14 Jesus replied, “Man, who appointed me a judge or an arbiter between you?” 15 Then he said to them, “Watch out! Be on your guard against all kinds of greed; life does not consist in an abundance of possessions.”
16 And he told them this parable: “The ground of a certain rich man yielded an abundant harvest. 17 He thought to himself, ‘What shall I do? I have no place to store my crops.’
18 “Then he said, ‘This is what I’ll do. I will tear down my barns and build bigger ones, and there I will store my surplus grain. 19 And I’ll say to myself, “You have plenty of grain laid up for many years. Take life easy; eat, drink and be merry.”’
20 “But God said to him, ‘You fool! This very night your life will be demanded from you. Then who will get what you have prepared for yourself?’
21 “This is how it will be with whoever stores up things for themselves but is not rich towards God.”
It is as if the man in the crowd demanded of Jesus, “Intervene in this dispute but do so on my side!” His attitude was not that of a person searching for the kingdom of God! In one respect his approach to Jesus resembles that of Martha (Luke 10: 40): “You have authority, Jesus; use it to benefit me!”
Jesus first addressed that man. As I reflect on Jesus’ question to him, I recall Jesus’ statement in the Gospel according to John (12: 47), “If anyone hears my words but does not keep them, I do not judge that person. For I did not come to judge the world, but to save the world.” A few verses earlier, Luke had presented Jesus’ teaching of his relationship with the Father, including this: “whoever publicly acknowledges me before others, the Son of Man will also acknowledge before the angels of God” (verse 8). Jesus will return as judge of all but at that moment in his discourse he was intent on teaching his disciples and the crowd about their need to trust in him for salvation, not on judging them.
Jesus then addressed the crowd.
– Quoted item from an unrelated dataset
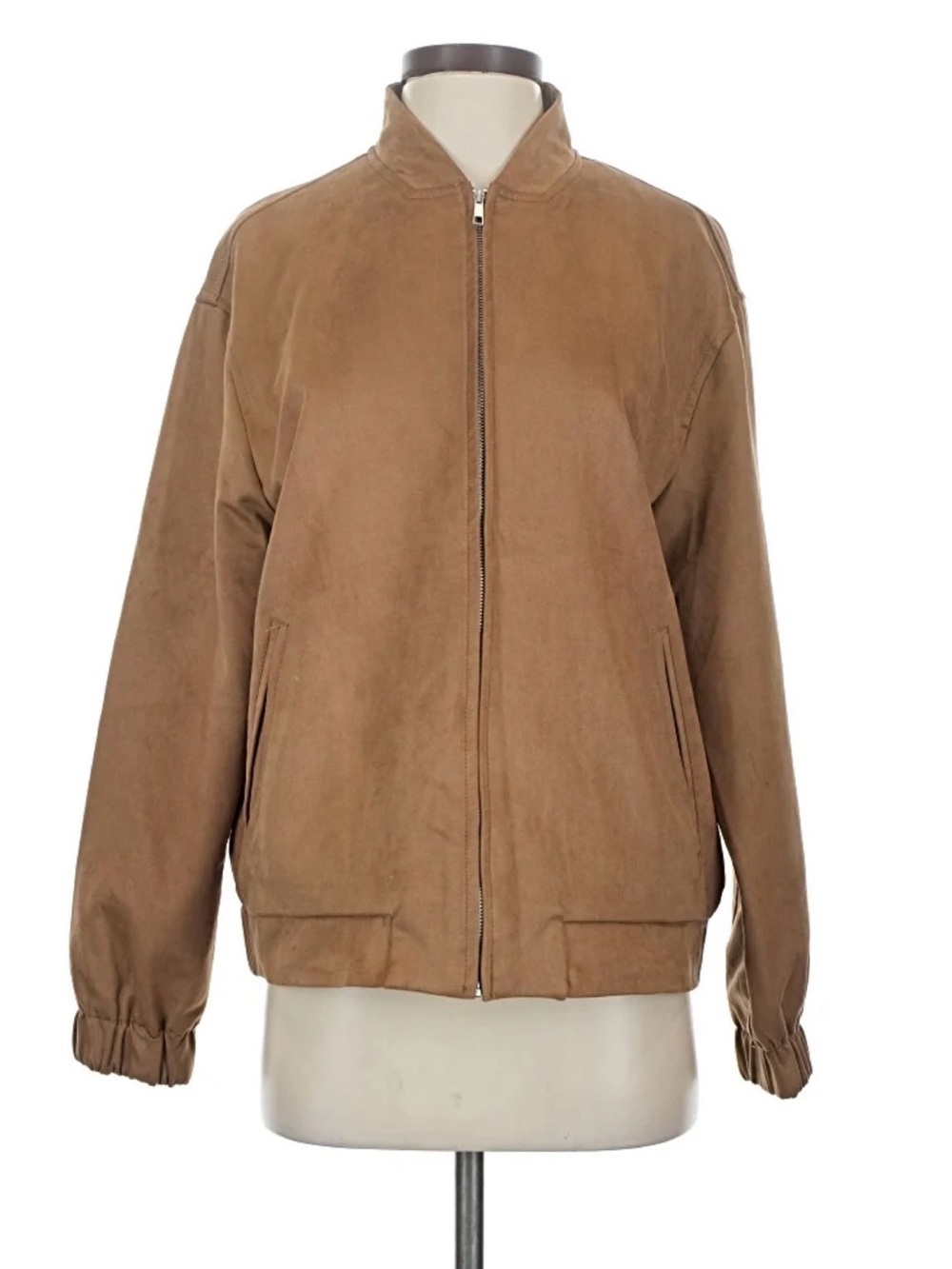 Zara Brown Suede Bomber Jacket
How necessary it is for people in the affluent West to hear the message, “life does not consist in an abundance of possessions” (12: 15b)!
The prevailing “religion” today appears to believe that satisfaction and fulfilment are to be found through indulging one’s self in purchasing or otherwise acquiring a particular good or service. Advertising presents such self-gratification not only as morally justifiable but also as each consumer’s entitlement.
A challenge for all who set out to follow Jesus is to resist the false messages of the world which seem to promise so much but which inevitably prove to be disappointing. Short-term sensations of pleasure can never replace the long-term peace of mind that comes from loving God and knowing God’s love in return.
Jesus’ parable of the rich fool is as relevant today – perhaps it is even more relevant. The rest of the world might regard the lives of wealthy people with covetous eyes; today’s disciples of Jesus know how shallow are the benefits of great wealth unless it is shared with others. Jesus implicitly teaches us to be rich towards God and to allow that attitude to overflow towards others who are needful of our spiritual and practical assistance.